* Defending champion Al Attiyah second for Toyota
* Sunderland crashes out of motorcycle race
* Australian Price takes his second stage win
Spaniard Carlos Sainz extended his Dakar Rally lead with a second stage win in five days on Thursday while Britain’s Sam Sunderland, motorcycle champion in 2017, crashed out in the Saudi desert.
Sainz, a two-times Dakar winner, finished almost three minutes ahead of closest rival and defending champion Nasser Al-Attiyah to forge five minutes and 59 seconds clear of the Qatari.
French driver Stephane Peterhansel, a record 13-times Dakar winner on two wheels and four, was third overall but nearly 18 minutes behind Mini team mate Sainz.
“We gained three minutes, it was not easy, we had to push really hard at the end,” said Sainz, who also won the third stage in his buggy on Tuesday.
“I’m happy, the car is working fine. We got a puncture at the beginning but we managed to come back.”
Al-Attiyah said the route from Al Ula to Ha’il had been better for buggies than his Toyota Hilux pickup but “we did what was necessary to avoid any problems.
“We had a flat tyre 5 kilometres before the finish, but we preferred to carry on without changing the wheel. It was more camel grass than real dunes. I think we will see real dunes next week,” he added.
The rally finishes in Qiddiya on Jan. 17.
In the motorcycle category, Australia’s defending champion, Toby Price, won the day’s 564 km stage after KTM team mate Sunderland retired.
Organisers said the Dubai-based 30-year-old had hurt his back and left shoulder in a fall at the 187 km mark but was quickly attended to and had not lost consciousness.
Sunderland had led the rally, being held in the Middle East for the first time after a decade in South America, after the second stage and was fastest on Wednesday before incurring a five-minute penalty for speeding in a neutralised section.

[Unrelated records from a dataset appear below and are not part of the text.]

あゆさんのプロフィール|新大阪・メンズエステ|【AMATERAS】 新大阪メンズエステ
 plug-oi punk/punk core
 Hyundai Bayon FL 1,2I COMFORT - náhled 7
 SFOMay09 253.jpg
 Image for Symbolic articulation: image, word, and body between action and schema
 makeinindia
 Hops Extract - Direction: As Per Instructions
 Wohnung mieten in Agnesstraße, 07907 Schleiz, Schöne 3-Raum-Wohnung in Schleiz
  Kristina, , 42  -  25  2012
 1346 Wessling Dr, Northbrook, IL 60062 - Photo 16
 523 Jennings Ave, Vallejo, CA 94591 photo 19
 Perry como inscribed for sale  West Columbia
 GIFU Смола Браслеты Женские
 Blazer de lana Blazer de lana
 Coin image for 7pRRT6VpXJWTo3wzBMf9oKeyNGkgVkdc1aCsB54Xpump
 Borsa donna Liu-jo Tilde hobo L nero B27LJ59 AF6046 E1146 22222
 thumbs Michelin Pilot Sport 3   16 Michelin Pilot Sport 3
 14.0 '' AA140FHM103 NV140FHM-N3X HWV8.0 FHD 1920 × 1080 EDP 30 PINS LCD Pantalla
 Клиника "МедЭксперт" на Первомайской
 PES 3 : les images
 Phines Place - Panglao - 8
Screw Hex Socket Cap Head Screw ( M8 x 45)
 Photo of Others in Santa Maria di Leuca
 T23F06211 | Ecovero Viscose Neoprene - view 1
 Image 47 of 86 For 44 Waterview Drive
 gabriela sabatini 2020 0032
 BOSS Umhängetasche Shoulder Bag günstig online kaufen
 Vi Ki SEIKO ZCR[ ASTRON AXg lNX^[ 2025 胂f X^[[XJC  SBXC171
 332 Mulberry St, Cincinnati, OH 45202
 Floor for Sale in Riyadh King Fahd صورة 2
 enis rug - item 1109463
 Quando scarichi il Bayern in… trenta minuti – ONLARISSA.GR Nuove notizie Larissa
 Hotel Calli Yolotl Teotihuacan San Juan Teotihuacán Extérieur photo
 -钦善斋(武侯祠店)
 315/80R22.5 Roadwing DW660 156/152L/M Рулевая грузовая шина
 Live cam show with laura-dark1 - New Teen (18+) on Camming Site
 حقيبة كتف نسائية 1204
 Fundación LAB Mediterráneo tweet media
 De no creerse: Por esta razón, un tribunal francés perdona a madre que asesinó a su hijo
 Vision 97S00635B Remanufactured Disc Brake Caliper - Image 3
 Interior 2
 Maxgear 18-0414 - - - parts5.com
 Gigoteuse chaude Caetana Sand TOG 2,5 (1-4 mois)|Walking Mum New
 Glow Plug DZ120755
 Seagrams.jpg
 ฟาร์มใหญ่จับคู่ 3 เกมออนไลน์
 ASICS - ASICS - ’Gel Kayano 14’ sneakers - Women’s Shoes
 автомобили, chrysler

Price became this year’s first double-stage winner but American Ricky Brabec, on a Honda, extended his overall lead to nine minutes over the Australian.
“It’s been a good day. We pushed hard at the start, made some good ways and then I caught up with the Honda boys. Ricky and them were in front, but it’s been a good stage,” said Price.
“It’s actually the first time I’ve ridden with a whole big group, so it was quite enjoyable but at the end of the day they are competitive, so we need to stay in front of them. We’re happy with the day and we’ll see how day six goes now.